Brined turkeys: We’ve marinated these birds in a seasoned brine for moist, flavorful meat. If I want to fry a turkey, I go with brined.
Kosher turkeys: Rubbed with kosher salt inside and out, kosher birds are checked by specially trained rabbinical inspectors to make sure they’re processed in accordance with kosher standards. The kosher salt preseasons the bird and gives it extra flavor. They’re also raised to meet 100+ animal welfare standards.
Heritage turkeys: These turkeys are leaner with a smaller meat-to-bone ratio and can be very flavorful.
Heirloom turkeys: A little bigger than heritage turkeys, heirloom turkeys are still really flavorful. Plus, there's lots of great dark meat.
Turkey breasts: Feeding a smaller group? Turkey breast is easy to brine and takes less time to prepare than a whole turkey. We offer bone-in, organic bone-in and boneless options.

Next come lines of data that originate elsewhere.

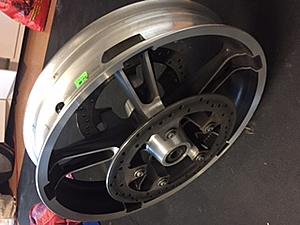 2014 Street Glide Front Enforcer wheel-img_1616.jpg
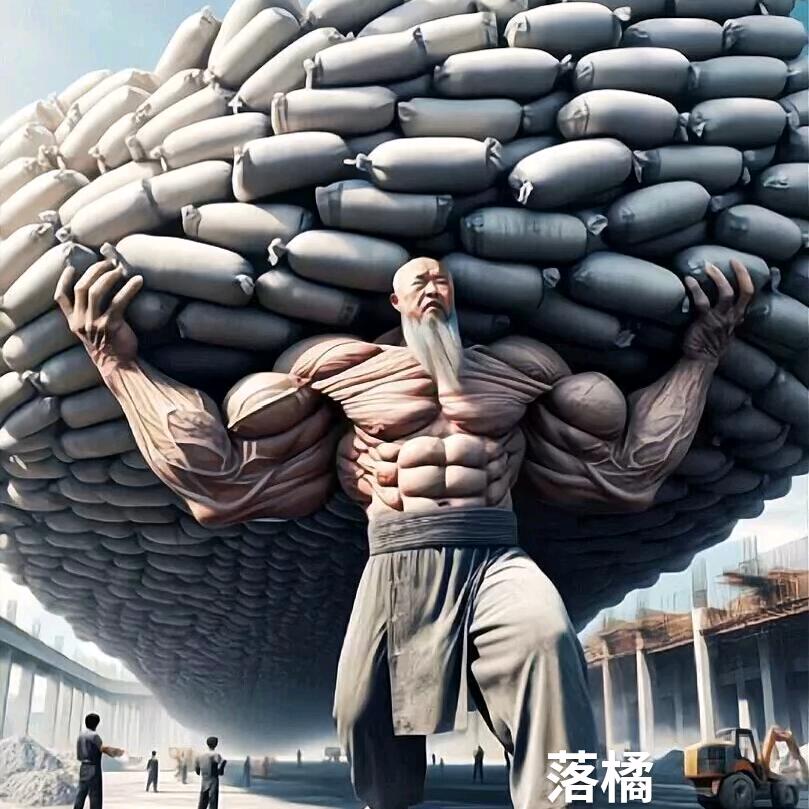 北方的狼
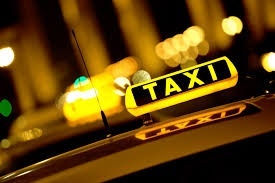 Taxi services in jaipur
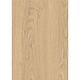 Parchet laminat 8 mm Egger Nature Sense stejar Matera deschis EL2974, nuanta deschisa , clasa de trafic 32, CLIC it!, 1292 x 193 mm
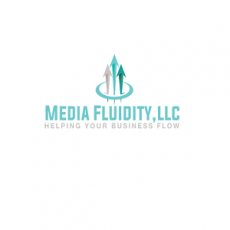Media Fluidity, LLC
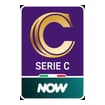 Logo Latina Calcio 1932 Srl
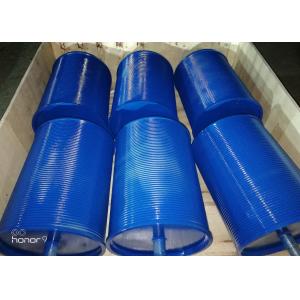 12mm Wire Rope Winch Drum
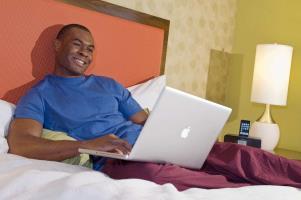 Hotel Home2 Suites Charlotte I-77 South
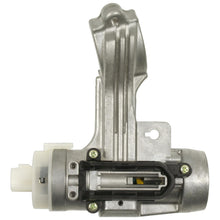 Load image into Gallery viewer, US-1007 Ignition Lock Cylinder and Switch Standard Import Canada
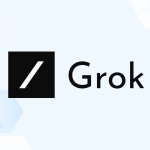 Grok AI 入口在哪？国内用户注册与登录最新指南（2025年9月）缩略图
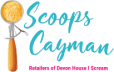 Scoops Cayman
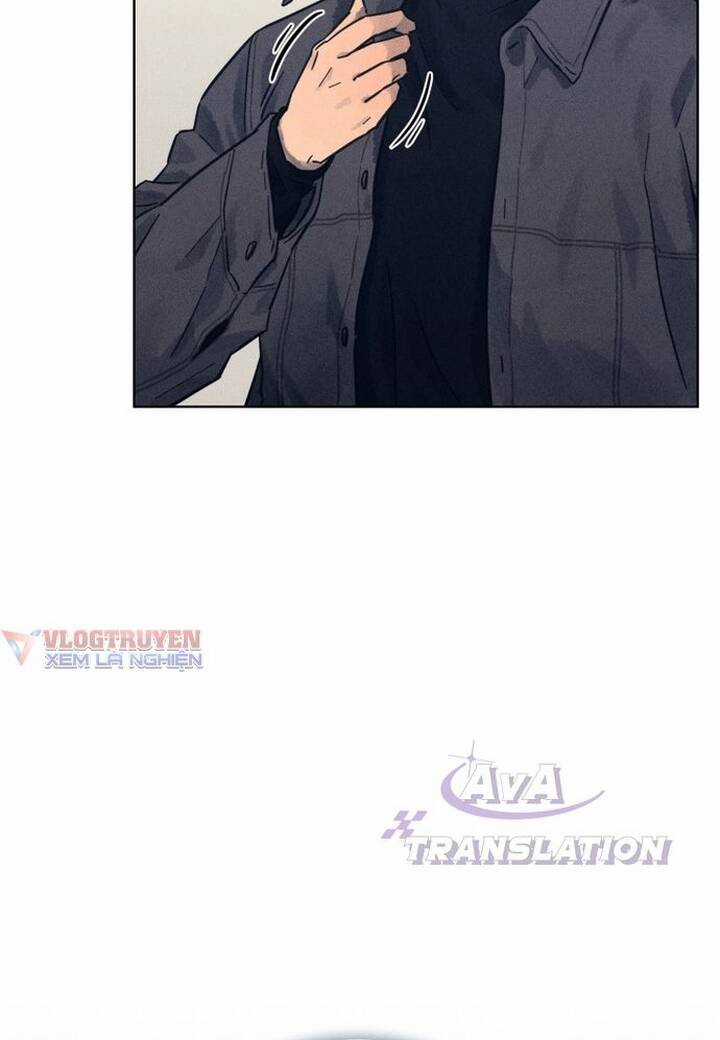 Phỏng Vấn Sát Nhân Chapter 32 trang 59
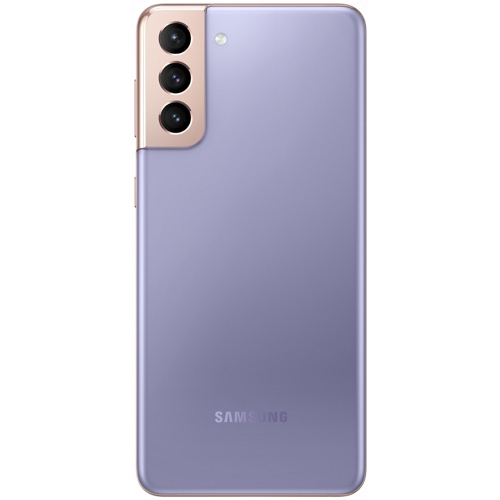 삼성전자 갤럭시S21 플러스 256GB, SKT 완납 (기기변경, 요금할인(선택약정))_이미지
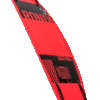 Artboard-1-copy-7 Artboard-1-copy-7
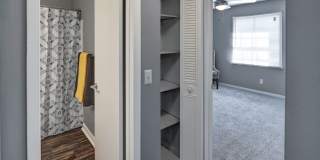 Briarcliff Plaza Gallery 10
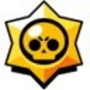 Скачать Brawl Beach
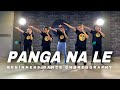 O Pappad Wale Panga Na Le | Makdee | Beginner Kids Dance Choreography | Dancer’s Dynasty SIKKIM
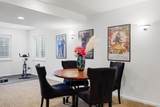 21770 Unbridled Avenue - Photo 33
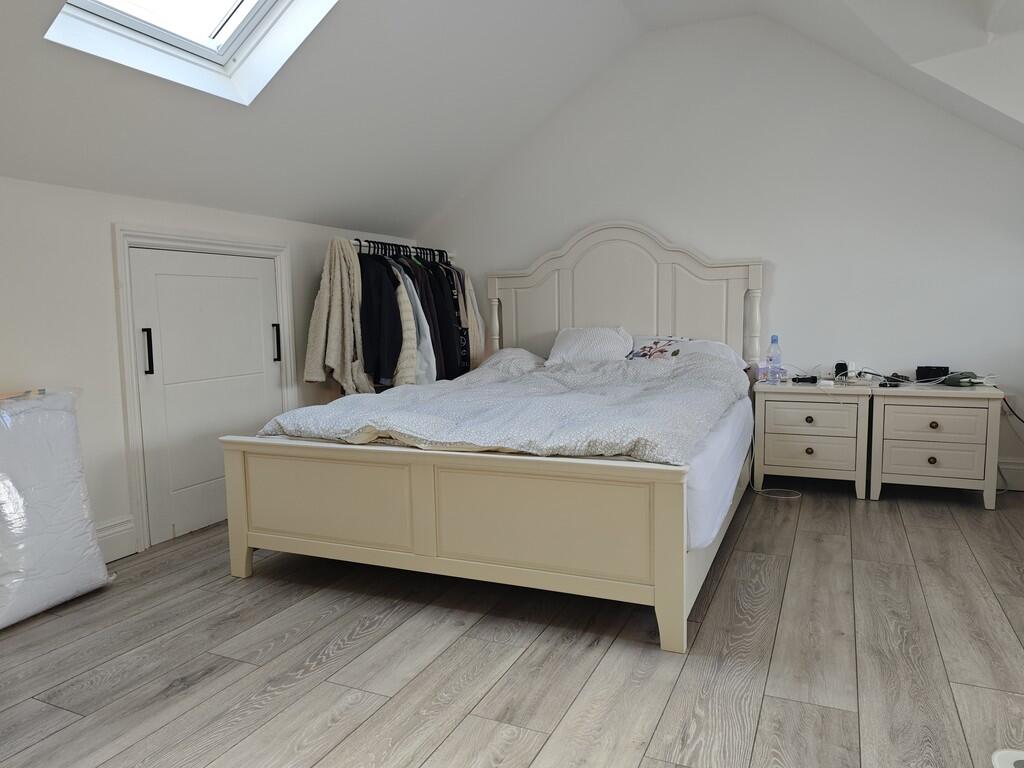 Main image of property: Lynwood Avenue, Egham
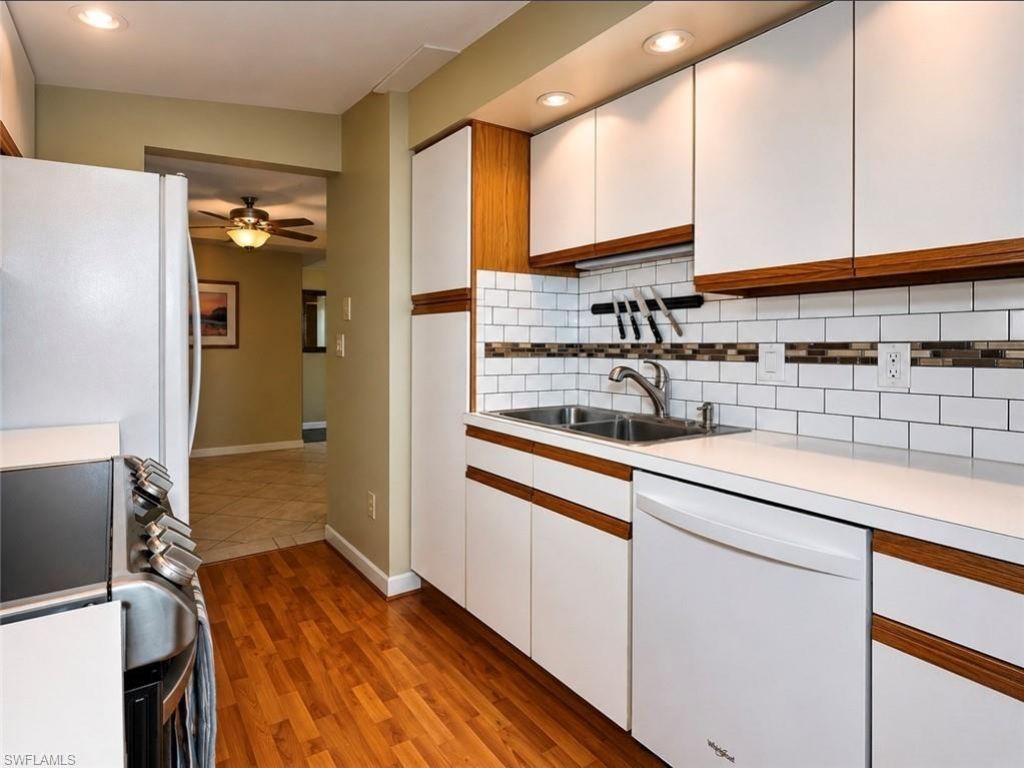 17220 Terraverde Cir, Unit 4, Fort Myers, FL 33908 Photo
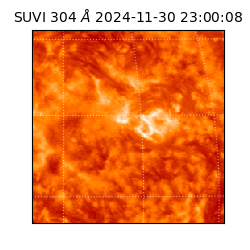 suvi - 2024-11-30T23:00:08.914000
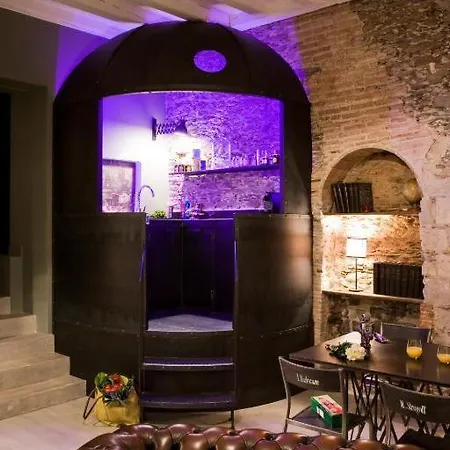 Apartamento Surprenantes- Jules Verne Nantes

All fresh and frozen turkeys from our Meat department must meet our standards for being raised with no antibiotics ever, no animal by-products in feed and 100+ animal welfare standards.
How to Store Your Turkey
Whether you’ve picked up your turkey from our stores or you’re having it delivered, it’s important to store your bird properly before cooking it. Follow these tips for success.
How to store our fresh turkeys:
Our fresh turkeys are kept in a deep chill to maintain a crust of ice on the surface. This ensures that you can safely store your bird at home until you’re ready to cook. Keep your turkey deep-chilled (35°F) in the coldest spot in your fridge, turned down as low as possible, or store in a secondary fridge. Over time, the ice will easily melt, and your bird will be perfect by Thanksgiving.
How to store our frozen turkeys:
Store frozen birds in your freezer (ideally in a secondary freezer if you have one) until you’re ready to thaw. Depending on how much time you have, you can thaw your turkey in your refrigerator or by submerging it in cold water.
Thawing Your Turkey
Plan ahead! Many of the birds we sell at our stores are fresh, meaning that they don't need to be thawed. They may have a thin layer of ice from being kept extremely cold, but they aren't frozen through. If you do choose one of our frozen birds, leave plenty of time for thawing.
Day in fridge
Hours in cold water
We recommend thawing your turkey one of two ways:
Most reliable way: Put a tray or pan underneath the bird in its packaging to catch drips and place it in the refrigerator on the lowest shelf for 1 full day for every 5 pounds of turkey.
Fastest way: Short on time or fridge space, this is your best option. Make sure the turkey is sealed in a leak-proof wrapper and place it in a vessel large enough to completely contain it. Add cold tap water to cover. Change the water every 30 minutes and allow 30 minutes of thawing time per pound.
* Except for pure sea salt solutions for our turkeys labeled "brined."
** Federal regulations prohibit the use of hormones in raising turkeys.